Dataset content below:

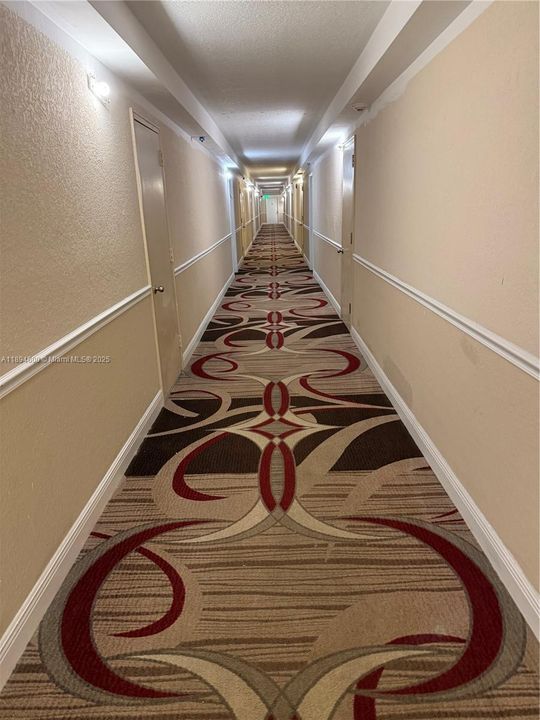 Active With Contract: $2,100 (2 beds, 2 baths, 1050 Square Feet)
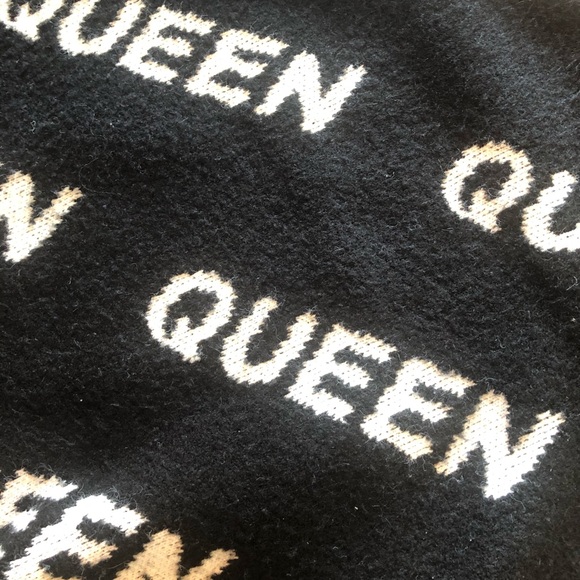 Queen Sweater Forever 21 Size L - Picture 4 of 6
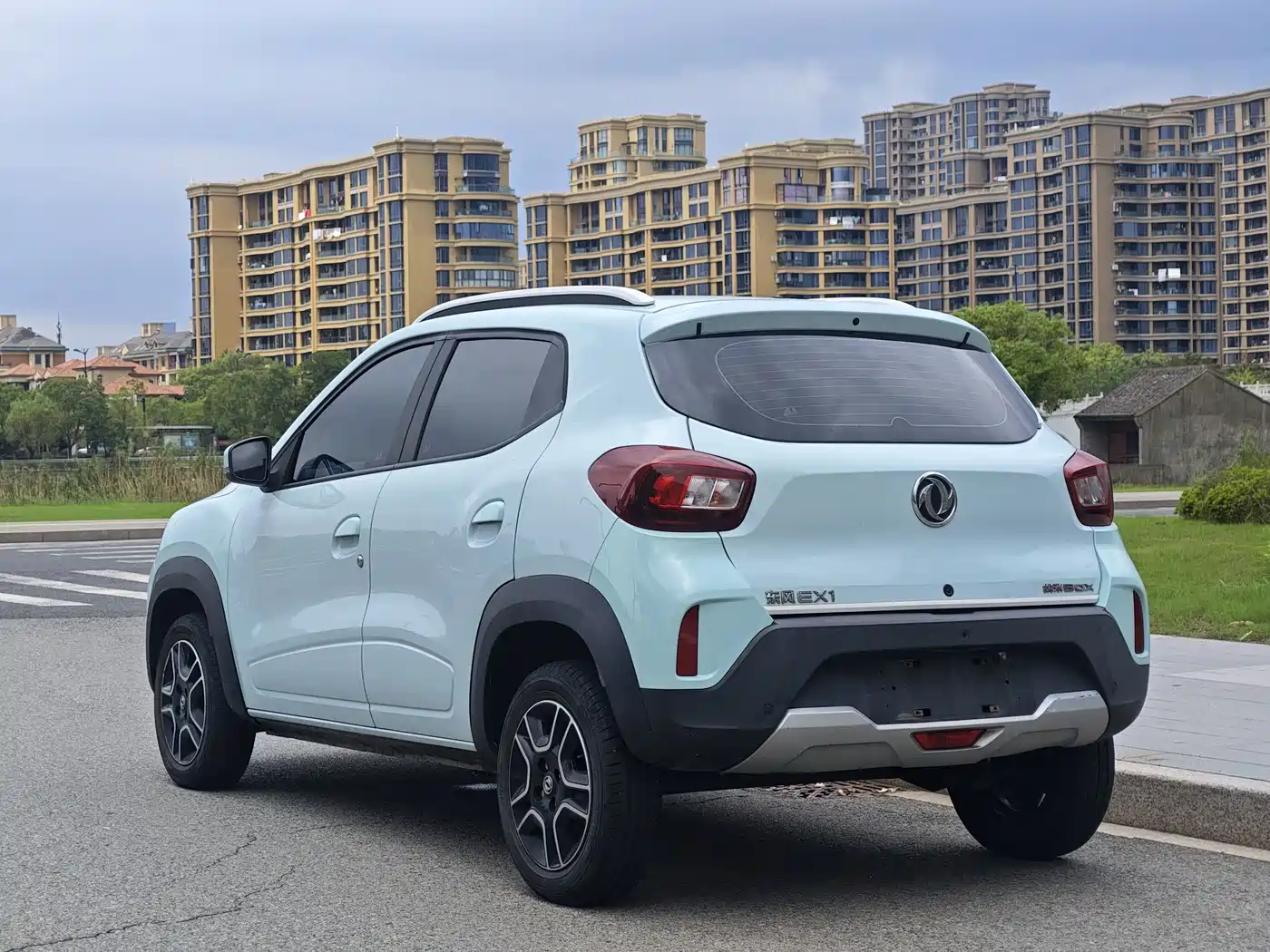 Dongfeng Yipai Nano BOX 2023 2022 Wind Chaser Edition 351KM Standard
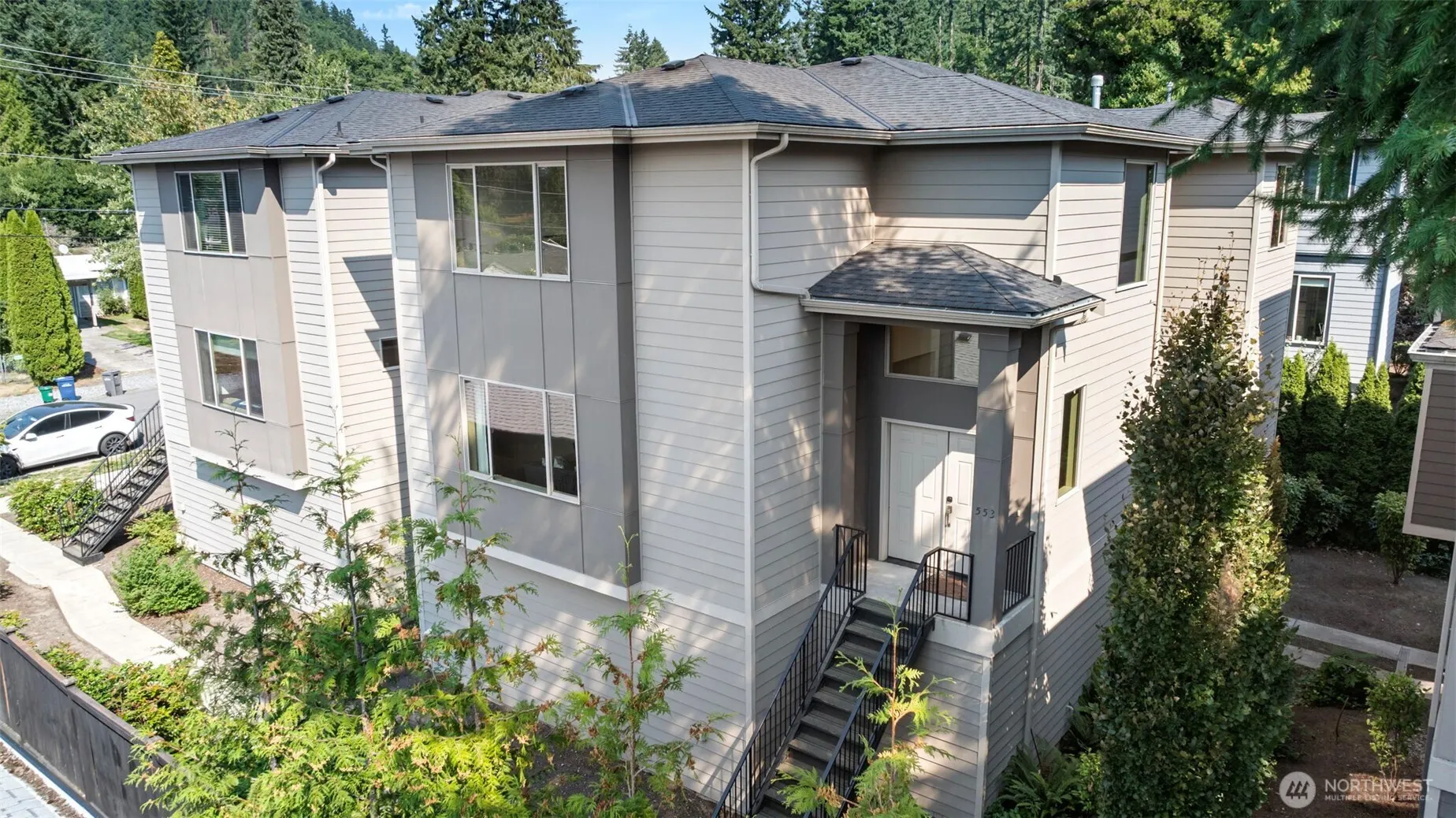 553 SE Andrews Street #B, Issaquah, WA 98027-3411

End of Dataset content.
Dataset content below:

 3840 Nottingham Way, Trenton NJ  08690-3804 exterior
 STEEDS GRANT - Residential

End of Dataset content.

(Exercise): Among the lines above, the one with "Queen Sweater Forever" opens the part to repeat and the one with "553 SE Andrews" closes it; repeat only that part exactly, with no pictures.

(Response to the task):
 Queen Sweater Forever 21 Size L - Picture 4 of 6
 Dongfeng Yipai Nano BOX 2023 2022 Wind Chaser Edition 351KM Standard
 553 SE Andrews Street #B, Issaquah, WA 98027-3411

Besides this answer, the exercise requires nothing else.